A few days ago, I ran across a quote from Pope Benedict that disturbed me. It was taken from a speech he gave before the World Youth Day festival in Cologne, Germany. The Pope acknowledged growing frustration and dissatisfaction with the institution of the Church, and the phenomenon of a growing interest in "religion". His problem is that the religion people are increasingly turning to has little or nothing to do with traditional religion.
He's probably alluding, at least in part, to some of the post-modern thinking which is gaining ground these days, questioning many of the core tenets of traditional theologies and doctrines. The Pope was quoted as saying, "But religion constructed on a 'do-it-yourself' (DIY) basis cannot ultimately help us."
I have not read the full text of the Pope's address, and I obviously was not present to listen to the tone in which it was given. So I will reserve full judgment as to the Pope's intent. However, I do get the feeling that this yet another effort by the Church to discourage individuals from thinking for themselves and seeking a relationship with God in a way that is not limited to those things that are "authorized" by this earthly institution.

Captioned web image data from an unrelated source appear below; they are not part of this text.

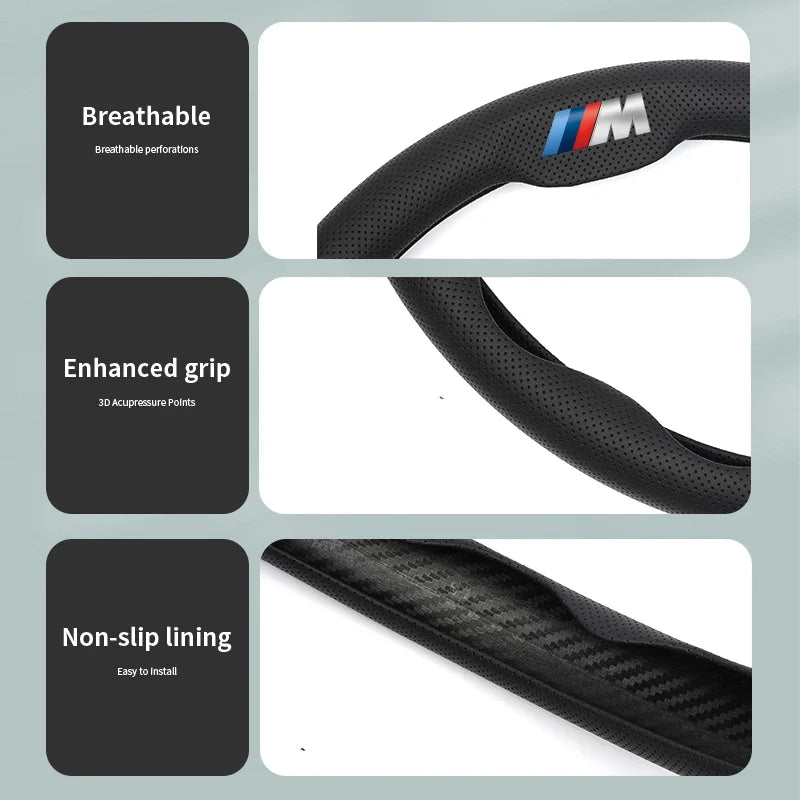 Perforated Breathable Leather Car Steering Wheel Cover Accessories For BMW E90 G80 M3 G30 M5 F82 F83 F20 F21 G42 F95 F96 G06 G07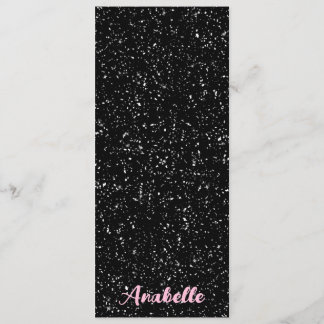 Personalized Black and White Specks Bookmark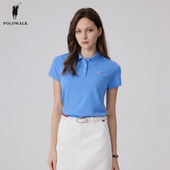 polo衫 女2025夏季 新款 POLOWALK短袖 休闲时尚 多巴胺保罗翻领t恤女
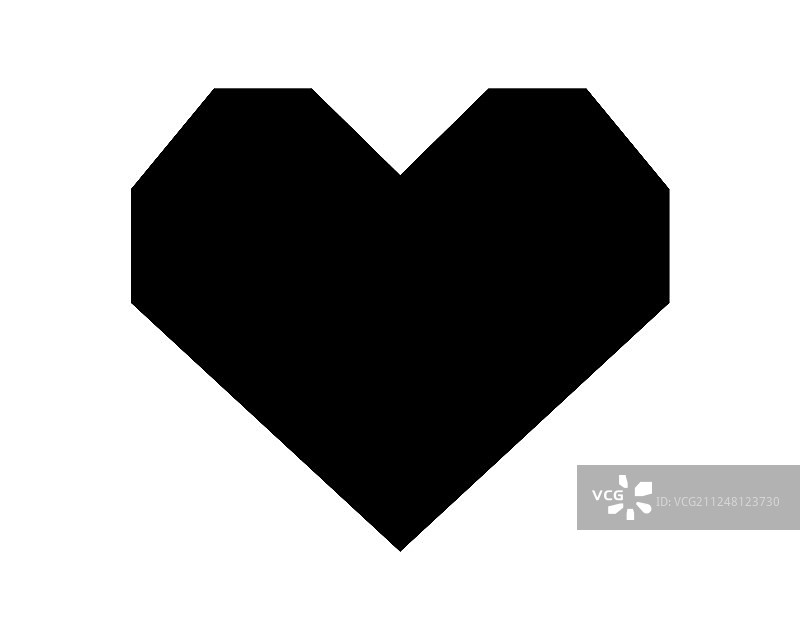 黑色爱心图标剪影图片素材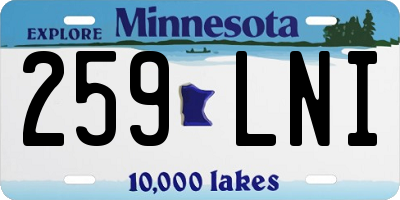 MN license plate 259LNI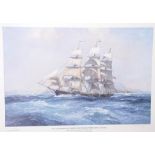 After Leslie A Wilcox (1904-1982) British. "The Californian Clipper Sovereign of the Seas", Print,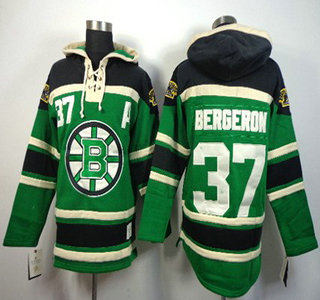 Old Time Hockey Boston Bruins #37 Patrice Bergeron Green Hoody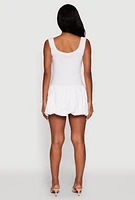 Womens Madden Girl Button Front Mini Bubble Hem Dress, White, Size L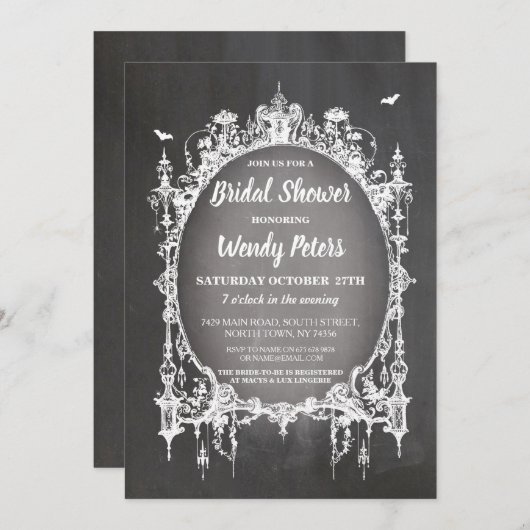 ブライダルシャワーのパーティーゴシック様式フレームのハロウィンの招待 招待状 (正面/裏面)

One of the discussions in which I would love to engage has to do with the authority of Church and the authority of the Bible. To me, the authority of any human institution, tradition, or document is either derived from superior force or from the consent of the people who they serve. The Church will of course claim authority from God. Many also claim the Bible's authority comes from God. But what good is this authority if no one acknowledges this authority? What good is it to have wonderful cathedrals and churches that are empty? What good is this authority when most people regularly ignore the Church doctrines and dogma. What good is this authority when the Church is becoming increasingly irrelevant? Irrelevancy is authority's great enemy.

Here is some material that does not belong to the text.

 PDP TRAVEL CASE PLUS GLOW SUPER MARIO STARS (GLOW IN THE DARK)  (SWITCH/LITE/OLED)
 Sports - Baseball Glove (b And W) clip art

Increasingly, I am sensing frustration and even desperation within the Church that it no longer has the force that it once did to enforce its rules and regulations, nor does it have the consent of the masses that it once did. My sense is that the reason churches in throughout Europe are empty has less to do with "corruption by popular culture" and more to do with the fact that traditional religion just doesn't make sense to people. It has probably never made much sense in the past, but now people are more willing to question and explore on their own without being fearful.
Another quote that I ran across in my readings is one by Charles W. Slaton in "Biblical Malnutrition & Today's Episcopal Church"... "We should all take issue with the notion that man inherits the right to update and revise Scripture as he sees fit. This is what the revisionist movement is all about, changing God to accommodate man."
Suffice to say, the arrogant tone in this one bothers me even more. No one is seeking to "change God". What people have always sought is to "better understand the mind of God". For better or for worse, all of Scripture doesn't speak to all of us. That does not mean that we are negating or seeking to change God. It simply means that we do not agree with some of the things that a guy or gal wrote a long time ago, and that we prefer to trust the spiritual insights gained through our own personal journeys.